三、mycrawler_redis (class MyCrawler(RedisCrawlSpider))
This RedisCrawlSpider reptile class inherits RedisCrawlSpider, capable of supporting a distributed crawling. Because the use of crawlSpider, so it is necessary to comply with Rule rules, and callback can not write parse () method.
There is also no longer a start_urls, replaced by redis_key, scrapy-redis from Redis in the key pop out and become url address request.
from scrapy.spiders import Rule
from scrapy.linkextractors import LinkExtractor
from scrapy_redis.spiders import RedisCrawlSpider
class MyCrawler(RedisCrawlSpider):
"""Spider that reads urls from redis queue (myspider:start_urls)."""
name = 'mycrawler_redis'
redis_key = 'mycrawler:start_urls'
rules = (
# follow all links
Rule(LinkExtractor(), callback='parse_page', follow=True),
)
# __init__方法必须按规定写,使用时只需要修改super()里的类名参数即可
def __init__(self, *args, **kwargs):
# Dynamically define the allowed domains list.
domain = kwargs.pop('domain', '')
self.allowed_domains = filter(None, domain.split(','))
# 修改这里的类名为当前类名
super(MyCrawler, self).__init__(*args, **kwargs)
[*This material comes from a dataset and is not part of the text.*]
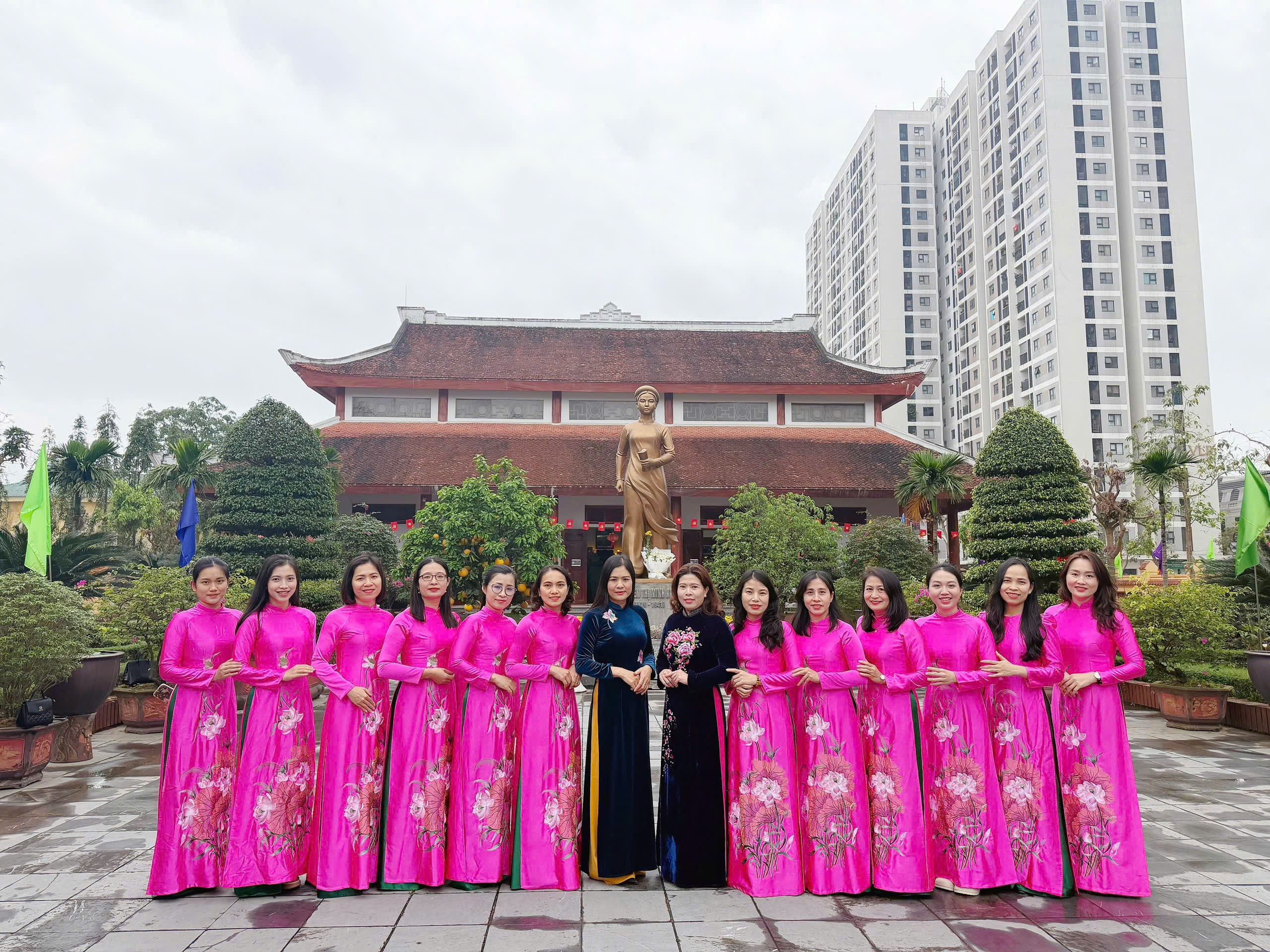 Phụ nữ Nghệ An dâng hương tưởng niệm nữ chiến sĩ cách mạng Nguyễn Thị Minh Khai nhân Ngày Quốc tế Phụ nữ 8/3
def parse_page(self, response):
return {
'name': response.css('title::text').extract_first(),
'url': response.url,
}
note:
The same, RedisCrawlSpider class does not need to write allowd_domains
and start_urls
:
- scrapy-redis in the constructor will
__init__()
be defined dynamically in the crawler crawling gamut may be selected directly writtenallowd_domains
. - You must specify redis_key, namely reptiles start command reference format:
redis_key = 'myspider:start_urls'
- According to the specified format,
start_urls
to the Master lpush end redis-cli in the Redis database, RedisSpider start_urls acquired in the database.
execution way:
-
By runspider method of execution reptile py files (also can be divided into multiple execution), reptiles (they) will be in a wait state ready:
scrapy runspider mycrawler_redis.py
-
In Master end redis-cli push instruction input, reference format:
$redis > lpush mycrawler:start_urls http://www.dmoz.org/
-
Reptiles get url, started.
to sum up:
- If only to re-use and saving Redis, and we chose the first;
- If writing distributed, according to the situation, to select the second, third;
- Typically, the depth of focus will select prepared with crawler third embodiment.